C'est un argument qui se tient, dans la mesure où les textes actuels parlent d'atteinte sexuelle exercée par un majeur sans violence, contrainte, menace ni surprise. Ce qui laisse planer un doute quant à un possible consentement du mineur. Le texte proposé supprime le problème en qualifiant directement les faits d'inceste ou de relation incestueuse. Encore une fois, si des juristes estiment que c'est plus clair, plus explicite, plus simple, je n'y vois aucun inconvénient. Au-delà du toilettage des textes, désigner en tant qu'inceste tout acte sexuel commis sur un mineur par un ascendant possède d'ailleurs une portée symbolique intéressante. L'impact social du rappel de cet interdit me paraît intéressant et l'expression de sa symbolique peut en être renforcée. Mais l'ancienne formulation ne me posait aucun problème dans mon quotidien d'expert ou de praticien. Et le texte soumis aux députés ne révolutionnera pas les pratiques de la justice et des équipes thérapeutiques qui accompagnent les victimes et les auteurs.

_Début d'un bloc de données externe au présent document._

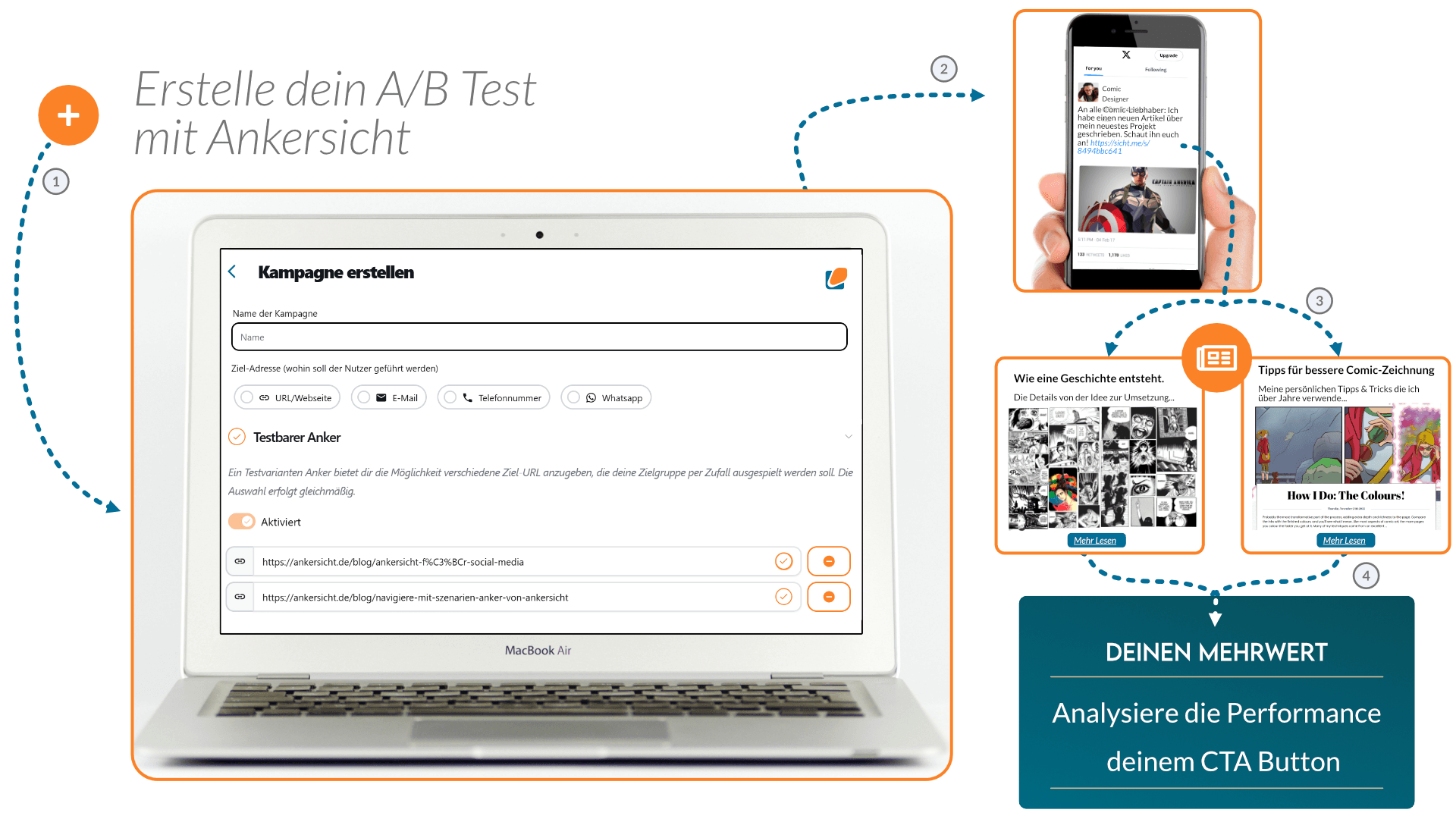 AB Test für Kreative AB Test für Kreative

Dans la proposition de loi, il est question de renforcer le dépistage et la prévention de l'inceste, jugés insuffisants. Est-ce aussi une nécessité pour vous ?
Le champ psycholégal s'est développé progressivement et mérite en effet d'être renforcé, en mettant l'accent sur la prise en charge des victimes et des auteurs ainsi que sur la prévention. La principale priorité en la matière consiste à permettre aux professionnels de première ligne - travailleurs sociaux, médecins ou encore psychologues- de progresser dans la démarche allant du dépistage d'une situation d'inceste, domaine dans lequel ils se sont beaucoup améliorés, à son évaluation. Or, sur ce dernier point, la France est en retard par rapport à d'autres pays. L'autre priorité consiste à essayer de toucher ceux et celles qui, au sein des familles, sont au courant des situations d'inceste mais ne les dévoilent pas. Pourquoi le silence règne-t-il dans ces familles? Si l'on ne se pose pas la question, on ne pourra pas développer toute la palette de la prévention. En France, on a trop tendance à vouloir frapper fort en considérant l'auteur des faits comme une espèce d'incarnation du mal, qu'il faut extirper à tout prix de la famille. Mais les choses sont rarement si simples. Certaines victimes n'en finissent pas de détester le parent qui les a abusées, alors que d'autres ont une position plus contrastée. Elles disent: «Je lui en veux pour ça, mais c'est quand même mon père. » L'intelligence sociale consisterait donc à développer un message répressif mais aussi facilitateur du dévoilement. Pour que les gens parlent, il faut leur faire comprendre qu'ils seront entendus et accompagnés dans la restauration de la structure familiale, lorsque c'est possible. Car même si cela peut paraître choquant à certains, il est possible, parfois, que les gens continuent à vivre ensemble. Je ne dis pas que c'est souhaitable, mais c'est la réalité psychoaffective de certaines familles.
Roland Coutanceau est psychiatre des hôpitaux, chargé d'enseignement en psychiatrie légale, expert auprès des tribunaux et responsable d'une consultation spécialisée pour victimes et auteurs de violences sexuelles. Président de la Ligue française pour la santé mentale, il est par ailleurs l'auteur d'un rapport ministériel sur les violences conjugales (2006) et a publié Vivre après l'inceste, haïr ou pardonner ? (Ed. Desclée De Brouwer, 2004).